§ Task material:
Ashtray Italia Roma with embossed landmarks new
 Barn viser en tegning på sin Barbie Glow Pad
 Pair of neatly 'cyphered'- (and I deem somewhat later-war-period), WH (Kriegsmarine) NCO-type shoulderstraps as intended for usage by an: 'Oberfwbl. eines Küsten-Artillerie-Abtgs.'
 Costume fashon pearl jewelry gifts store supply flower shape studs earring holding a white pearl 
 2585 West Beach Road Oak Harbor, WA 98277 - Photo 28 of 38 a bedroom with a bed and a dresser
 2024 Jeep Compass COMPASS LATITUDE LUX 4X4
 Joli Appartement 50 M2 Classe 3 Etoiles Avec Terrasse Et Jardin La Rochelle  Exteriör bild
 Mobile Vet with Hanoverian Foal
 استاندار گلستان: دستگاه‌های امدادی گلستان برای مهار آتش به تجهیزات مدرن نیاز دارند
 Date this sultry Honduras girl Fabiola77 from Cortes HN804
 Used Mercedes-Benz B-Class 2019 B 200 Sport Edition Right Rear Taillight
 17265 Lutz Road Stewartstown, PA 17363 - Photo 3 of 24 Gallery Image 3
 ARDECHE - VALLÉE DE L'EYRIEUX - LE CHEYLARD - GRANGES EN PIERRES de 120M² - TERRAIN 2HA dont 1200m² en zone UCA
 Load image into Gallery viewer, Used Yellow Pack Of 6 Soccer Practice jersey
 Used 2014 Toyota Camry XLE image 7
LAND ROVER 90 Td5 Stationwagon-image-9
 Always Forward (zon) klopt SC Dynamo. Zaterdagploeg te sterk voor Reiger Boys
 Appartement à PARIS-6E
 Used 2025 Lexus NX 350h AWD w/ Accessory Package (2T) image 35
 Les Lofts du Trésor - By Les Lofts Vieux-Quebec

§ Assigned task:
How many lines of the listing above carry the string "Photo"? Report that number with no other text.

§ Result for this exercise:
2